Stefanie stellte sich vor und berief sich auf Herrn Holzner. Die Inhaberin des Hotels hatte ein paar Fragen an Stefanie, die sie beantwortete.

»Gut, Frau Walter, das klingt ja alles ganz gut. Mit drei Fremdsprachen und den anderen Ausbildungsnachweisen sind Sie fast ein wenig überqualifiziert. Wir haben zwar hin und wieder ausländische Gäste, aber eigentlich kommen wir mit Englisch aus. Wann können Sie denn einmal kommen, um sich alles anzuschauen? Wir müßten uns natürlich auch persönlich kennenlernen, bevor ich mich entscheiden kann. Das werden Sie sicher verstehen?«

»Selbstverständlich, Frau Schüller. Das ist ganz in meinem Sinne. Schlagen Sie einen Termin vor!«

»Wie wäre es mit Sonnabend oder Sonntag?«

»Am Sonnabend hat meine Tochter etwas Wichtiges vor, aber am Sonntag kommen wir gern!«

Frau Schüller sollte gleich sehen, daß sie Nanas Belange ernst nahm. Wenn sie dann nicht in Frage käme, klärte man das besser sofort.

Aber Frau Schüller stimmte zu. So verabredete man sich für den Sonntag. Gegen dreizehn Uhr erwartete sie Stefanie.

Stefanie und Nana tanzten durch die Wohnung vor Freude.

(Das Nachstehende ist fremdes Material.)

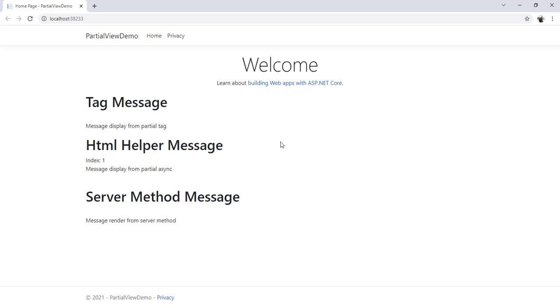Hope you like this example of partial view in ASP.NET Core. Thank you guys. Please subscribe to my channel if you are new here.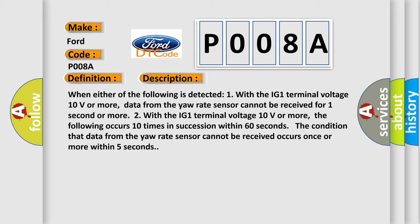Two, with the IG1 terminal voltage 10 volts or more, the following occurs 10 times in succession within 60 seconds: The condition that data from the yaw rate sensor cannot be received occurs once or more within five seconds.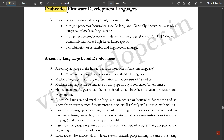In this video we are going to discuss embedded firmware development languages — which languages are used in embedded systems. We are also going to discuss the conversion of languages based on requirements, using a block diagram.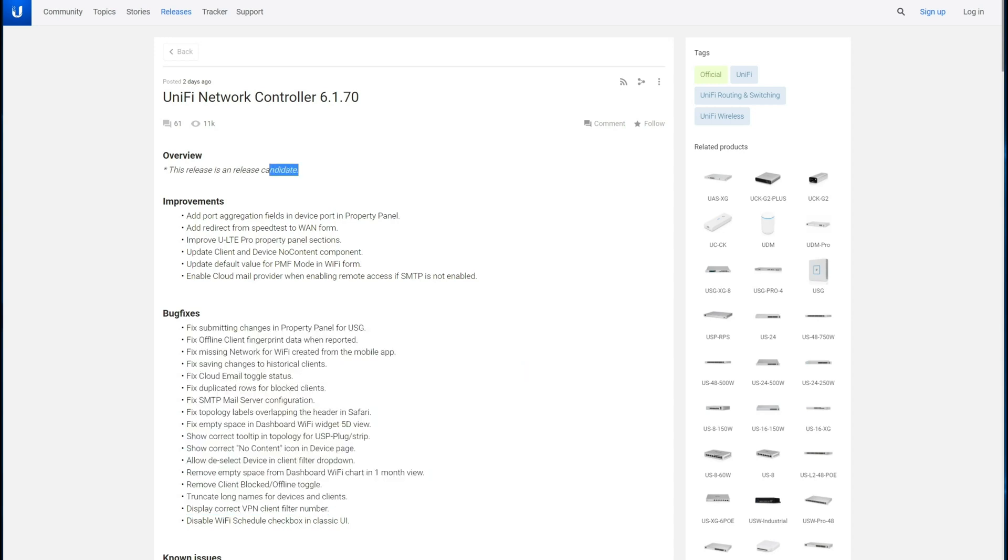And again, it's a release candidate. They really should not be doing this with what is supposed to be a stable firmware. When it's ready, great, move forward. But until it's ready, until the 6.1 controller is fully big, they really should not be forcing it on folks. It's ridiculous. But anyway, I digress.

Selbst wenn aus der Stelle nichts werden sollte, war eine kleine Reise doch eine herrliche Abwechslung. Stefanie war richtig aufgeregt. Wenn sie die Arbeit bekam, würde sich ihr Leben aber gründlich ändern! Sie ahnte noch nicht, wie sehr das zutraf.

*

Der Sonntag zeigte sich zumindest vom Wetter her von der besten Seite. Es war frühlingshaft warm, und Stefanie nahm es als gutes Zeichen.

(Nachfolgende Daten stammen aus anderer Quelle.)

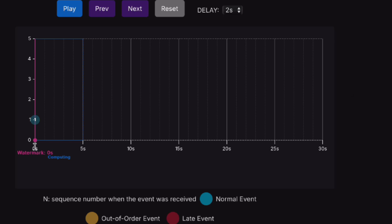The x-axis is the timestamp. In this example, there's a total of 30 seconds, and every five seconds we create a tumbling window to get the number of events, the total value, and the average value. Normal events will be marked with this color, yellow for out-of-order events that are still calculated, and red for late events that will be discarded. The y-axis is the value of the data point.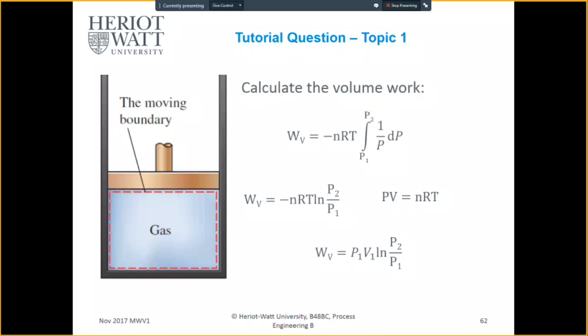Your volume work equals negative nRT log of P2 over P1. And because PV equals nRT, your volume work becomes P1 V1 log of P2 over P1.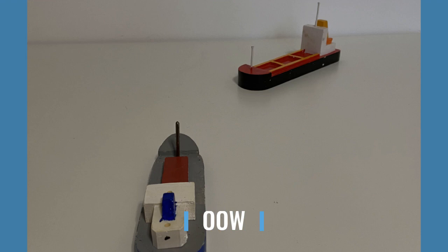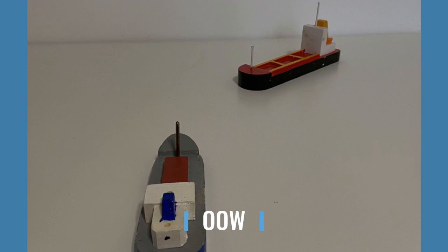Hi, in this case I'm the officer on watch on a power-driven vessel and I see another power-driven vessel on my starboard side. I will take a series of compass bearings and radar ranges as a trend to determine whether risk of collision exists or not. Yes, risk of collision exists.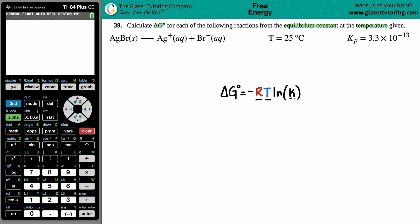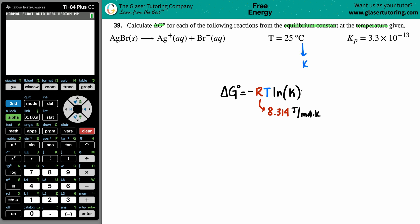We need to know R, T, and K. R is always a standard value — for this formula, R is 8.314 joules per mole times kelvin. Since R is in kelvin units, temperature T must also be in kelvin. They gave it in Celsius, so I convert: 25 plus 273.15 equals 298.15 kelvin.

Die Fahrt verlief angenehm, im Zugabteil saß noch ein älteres Ehepaar, die Natalie und ihre Mutter immer wieder wohlwollend ansahen.

Natalie hatte keine Scheu vor Fremden und plauderte unbefangen drauflos. Die ältere Dame unterhielt sich mit ihr über ihre Enkelkinder, und Natalie kam sich sehr erwachsen vor.